§ RECORDS TO USE
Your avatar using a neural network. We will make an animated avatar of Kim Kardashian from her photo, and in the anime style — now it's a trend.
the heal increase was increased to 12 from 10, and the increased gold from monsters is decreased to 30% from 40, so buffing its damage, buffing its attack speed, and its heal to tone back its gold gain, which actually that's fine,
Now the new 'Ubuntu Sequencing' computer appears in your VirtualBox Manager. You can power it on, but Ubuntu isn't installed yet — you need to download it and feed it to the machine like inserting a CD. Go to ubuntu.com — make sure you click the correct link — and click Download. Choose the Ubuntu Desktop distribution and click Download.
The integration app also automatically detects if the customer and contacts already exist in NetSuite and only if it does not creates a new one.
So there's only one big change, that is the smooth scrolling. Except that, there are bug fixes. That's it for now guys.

==

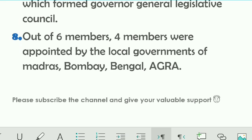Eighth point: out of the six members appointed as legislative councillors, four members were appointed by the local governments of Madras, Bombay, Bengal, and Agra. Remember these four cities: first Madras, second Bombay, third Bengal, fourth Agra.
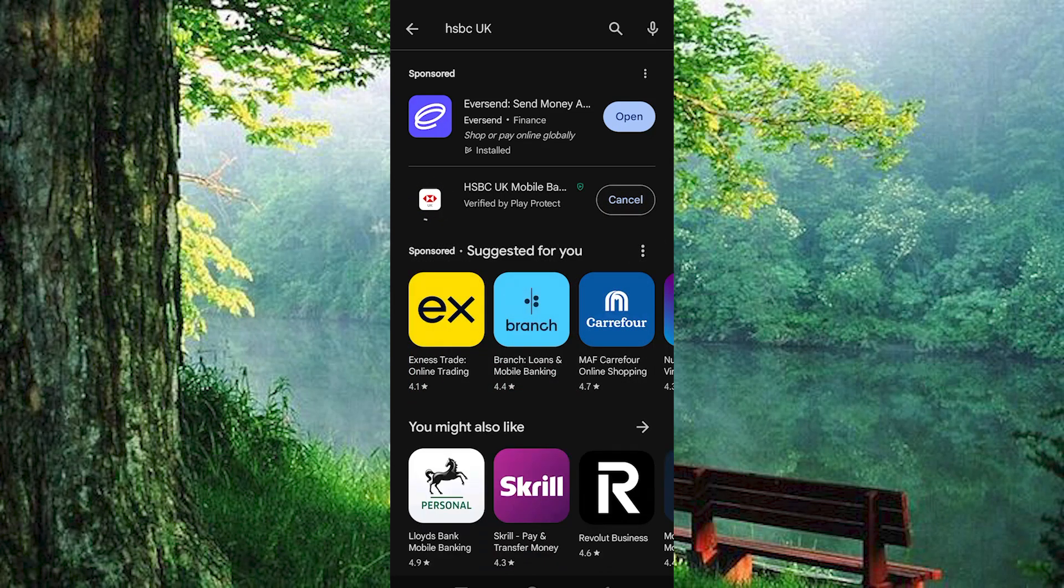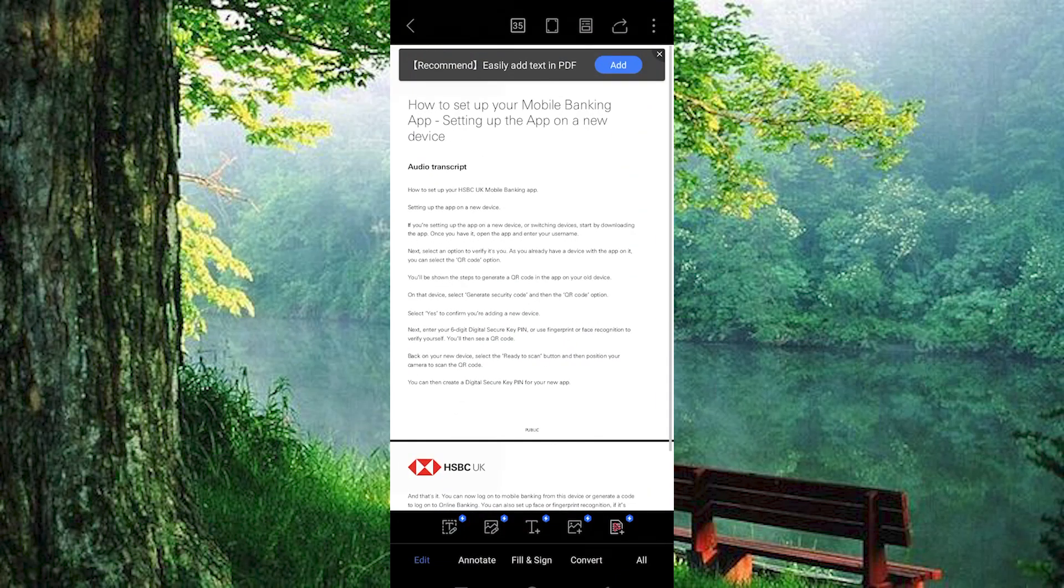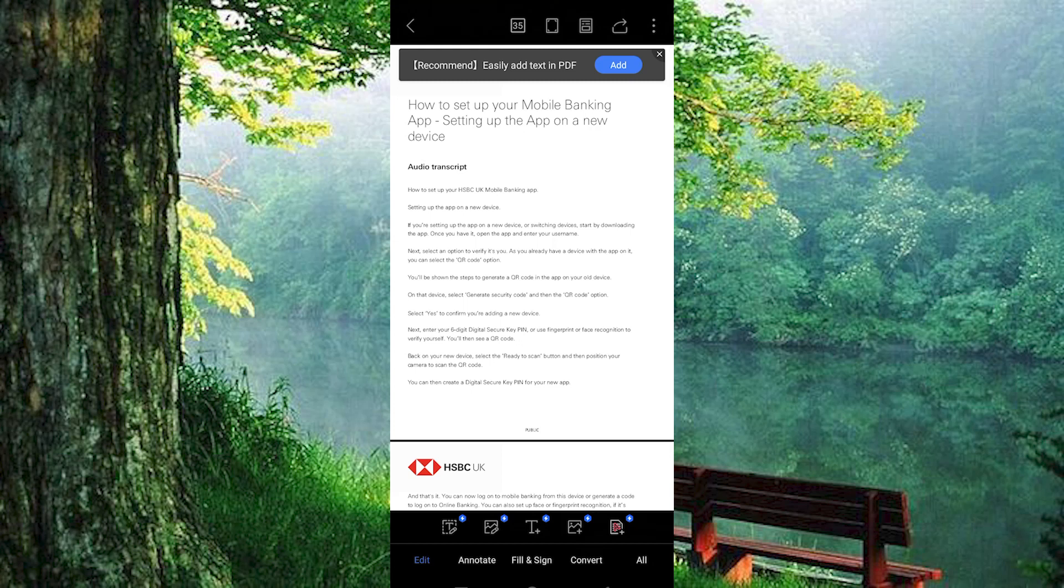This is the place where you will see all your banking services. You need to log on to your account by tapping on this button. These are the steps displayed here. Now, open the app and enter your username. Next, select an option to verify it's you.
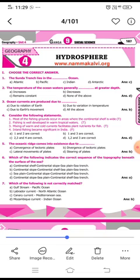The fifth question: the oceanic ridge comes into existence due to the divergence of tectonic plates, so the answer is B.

§ WHAT THE EXERCISE ASKS
Please give again the lines above between the line holding "Your avatar using" and the line holding "So there's only", inclusive, exactly as they are and with nothing added.

§ TASK SOLUTION
Your avatar using a neural network. We will make an animated avatar of Kim Kardashian from her photo, and in the anime style — now it's a trend.
the heal increase was increased to 12 from 10, and the increased gold from monsters is decreased to 30% from 40, so buffing its damage, buffing its attack speed, and its heal to tone back its gold gain, which actually that's fine,
Now the new 'Ubuntu Sequencing' computer appears in your VirtualBox Manager. You can power it on, but Ubuntu isn't installed yet — you need to download it and feed it to the machine like inserting a CD. Go to ubuntu.com — make sure you click the correct link — and click Download. Choose the Ubuntu Desktop distribution and click Download.
The integration app also automatically detects if the customer and contacts already exist in NetSuite and only if it does not creates a new one.
So there's only one big change, that is the smooth scrolling. Except that, there are bug fixes. That's it for now guys.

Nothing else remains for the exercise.